Your task:
From the listing below, give again exactly the lines from the line with "Hello, I hope" to the line with "Hey everyone, this", ends included, without any pictures.

Task material:

□ □ □ □

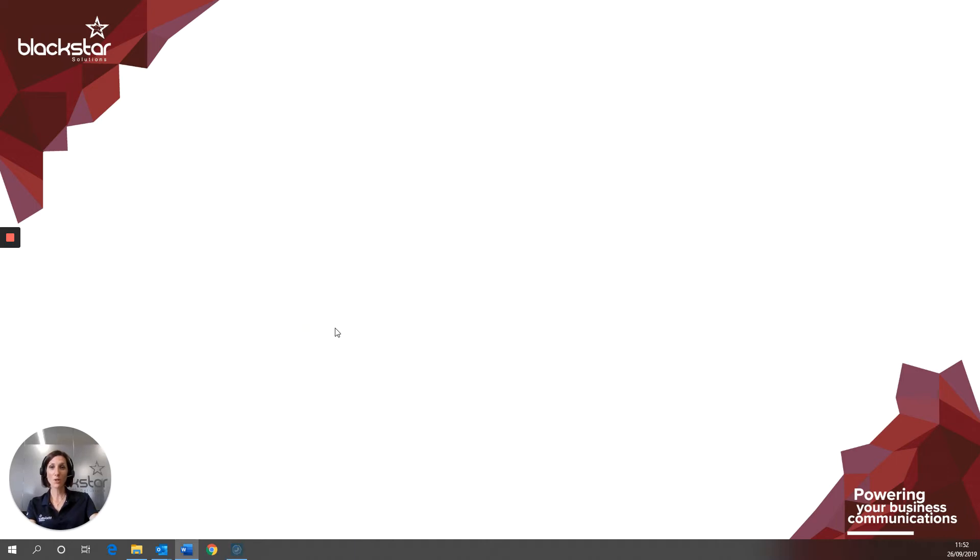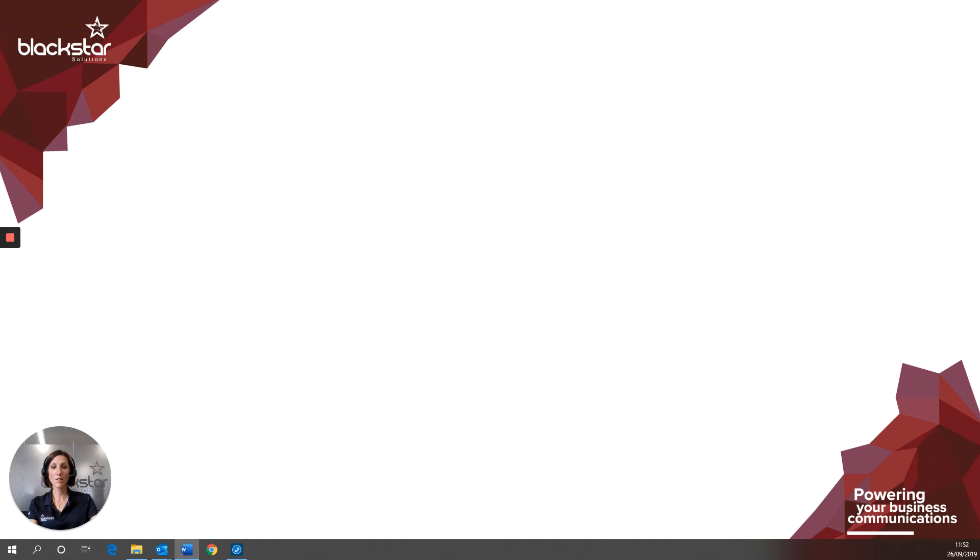Thank you for watching. Be sure to subscribe for future updates on Blackstar Enhance videos. If there are any videos you want me to cover regarding anything at all, please comment, or for further assistance email enhance at blackstarsolutions.co.uk. Thanks for watching and we'll see you next time.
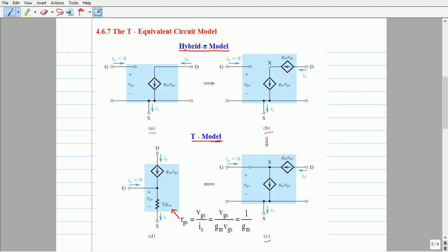This replacement holds as long as the resistance draws the same current as that of the source. It turns out that this connection is evident from the source absorption theorem. The value of this resistance is computed using the relation: gate-to-source resistance RGS equals gate-to-source voltage VGS divided by the source current IS. Since the source current IS equals the drain current GM times VGS, we get RGS equal to 1 over GM.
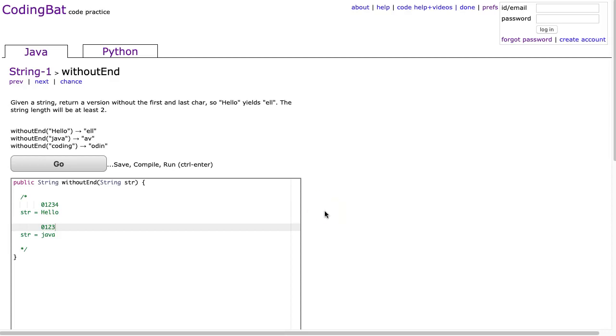Hello, I hope this video finds you well. Tonight we are looking at without end from string 1, and this is the Java solution.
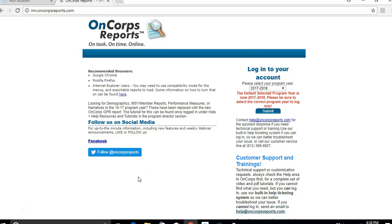Hey everyone, this is Jade, Promise Fellow Leader with the Minnesota Alliance with Youth. Today I'm here to show you how to enter daily and weekly interventions into the Encore system.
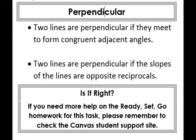This concludes Lesson 2, 'Is It Right?' During this task, you should have been able to solidify your understanding of what it means for two lines to be perpendicular. Two lines are perpendicular if they meet to form congruent adjacent angles, and two lines are perpendicular if the slopes of the lines are opposite reciprocals. If you need more help on the ready, set, go homework for this task, please remember to check the Canvas student support site.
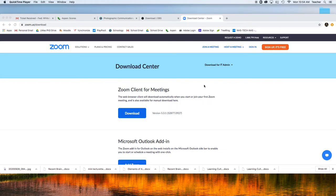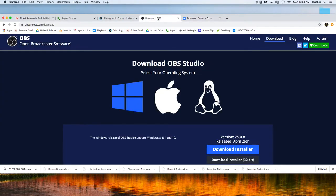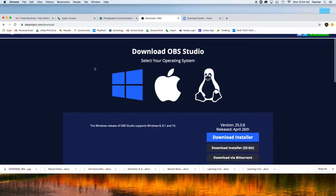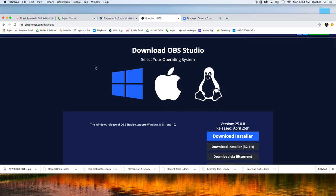In order to do live productions remotely, you're going to need two pieces of software. The first one is OBS, Open Broadcaster Software. This is a really robust and advanced software, so we will have a second tutorial showing you the setup and how to use it.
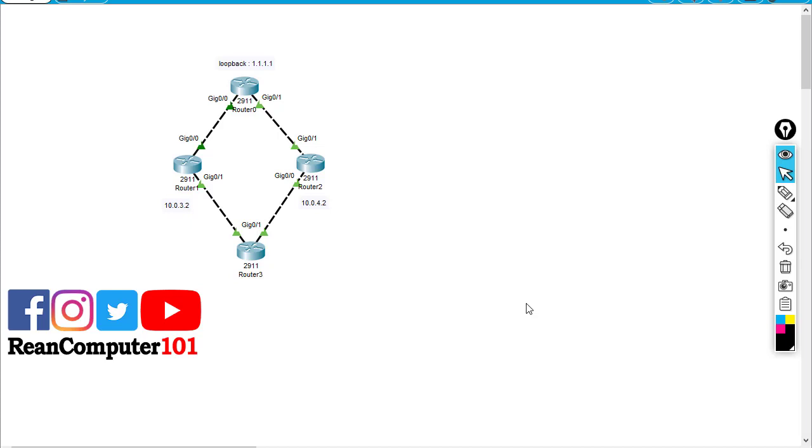Hello guys, today I'm going to introduce you to a term called the floating static route. So what is the floating static route mean?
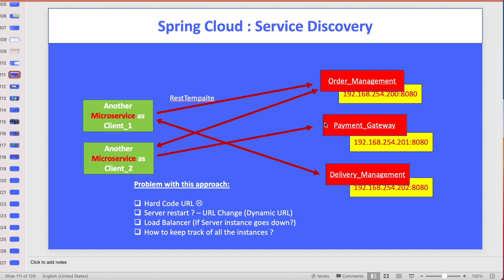Now assume you have multiple microservices and many clients. Suppose client one wants to connect to order management - they hardcode the IP address and port number. Client two also wants to connect to order management - they also hardcode it. We could have many clients and many servers. The problem is the hardcoded URL inside your client. If you restart the machine due to some cause and the IP address or port changes, you have to go into all the clients and update the IP address or port number - it's not a feasible solution.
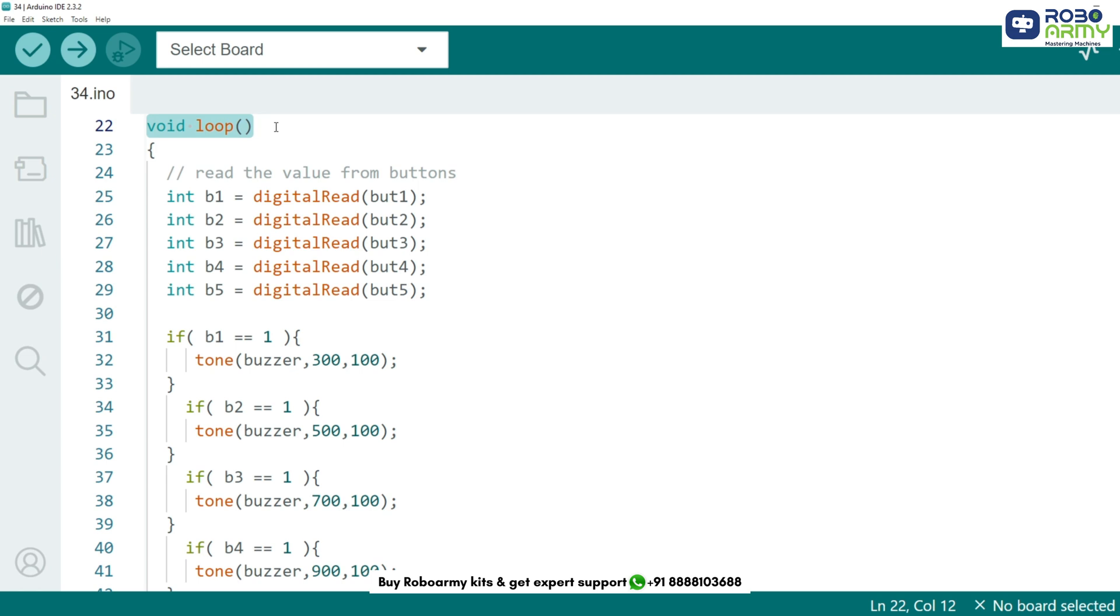The loop function continues to run, checking the button presses and playing the corresponding tones repeatedly. This means that as long as you press the buttons, the Arduino will generate the assigned tones, turning your simple circuit into a mini electronic piano.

□ □ □ □

Result:
Hello, I hope this video finds you well. Tonight we are looking at without end from string 1, and this is the Java solution.
Hey everyone, this is Jade, Promise Fellow Leader with the Minnesota Alliance with Youth. Today I'm here to show you how to enter daily and weekly interventions into the Encore system.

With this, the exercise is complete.